I'm trying to scrape match data from flashscore.pt and I keep running into a problem. This is the code I'm using:
library(RSelenium)
library(rvest)
# Start a Selenium server
driver <- rsDriver(browser = "firefox")
# Connect to the remote driver
remote_driver <- driver$client
# Specify the URL of the website
url <- "https://www.flashscore.pt/futebol/eua/mls-2022/resultados/"
# Navigate to the website
remote_driver$navigate(url)
# Find and click the "Mostrar mais jogos" button using JavaScript
while (TRUE) {
# Execute JavaScript to check if the button is present on the page
is_button_present <- remote_driver$executeScript(
"return document.querySelector('.event__more') !== null;"
)
# Check the result of the JavaScript execution
if (as.logical(is_button_present)) {
# Click the button using JavaScript
remote_driver$executeScript("document.querySelector('.event__more').click();")
# Wait for some time to allow the page to load new content
Sys.sleep(5)
} else {
# If the button is not present, break the loop
break
}
}
# Find the match links
match_links <- remote_driver$findElements(using = "css selector", value = ".event__match")
# Extract the match URLs
match_urls <- sapply(match_links, function(link) {
match_id <- gsub("^.*_(\\w+)$", "\\1", link$getElementAttribute("id")[[1]])

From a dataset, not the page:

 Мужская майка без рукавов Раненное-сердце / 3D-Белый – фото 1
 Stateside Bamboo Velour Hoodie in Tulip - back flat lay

paste0("https://www.flashscore.pt/jogo/", match_id, "/#/sumario-do-jogo/sumario-do-jogo")
})
# Function to extract match data from a URL
extract_match_data <- function(url) {
# Navigate to the match URL
remote_driver$navigate(url)
# Extract the league name
league_name <- remote_driver$findElement(using = "css selector", value = ".tournamentHeader__country")$getElementText()
# Extract the team names
team_names <- remote_driver$findElements(using = "css selector", value = "div.participant__participantName a")$getElementText()
# Extract the date
date <- remote_driver$findElement(using = "css selector", value = "div.duelParticipant__startTime > div:nth-child(1)")$getElementText()
# Extract the home and away goals
home_goals <- remote_driver$findElement(using = "css selector", value = "div.event__score.event__score--home")$getElementText()
away_goals <- remote_driver$findElement(using = "css selector", value = "div.event__score.event__score--away")$getElementText()
# Extract the odds
odds_rows <- remote_driver$findElements(using = "css selector", value = ".oddsRow")
odds <- lapply(odds_rows, function(row) row$getElementText())
# Create a data frame with the extracted data
match_data <- data.frame(
League = league_name,
HomeTeam = team_names[1],
AwayTeam = team_names[2],
Date = date,
HomeGoals = home_goals,
AwayGoals = away_goals,
Odds = odds,
stringsAsFactors = FALSE
)
return(match_data)
}
# Extract match data for each URL
all_match_data <- lapply(match_urls, extract_match_data)
# Print the extracted match data
for (i in seq_along(all_match_data)) {
cat("Match URL:", match_urls[i], "\n")
print(all_match_data[[i]])
cat("\n")
}
and I get this error:
> # Extract match data for each URL
> all_match_data <- lapply(match_urls, extract_match_data)
Error in FUN(X[[i]], ...) : attempt to apply non-function
Called from: FUN(X[[i]], ...)
Browse[1]>
How can I fix this problem?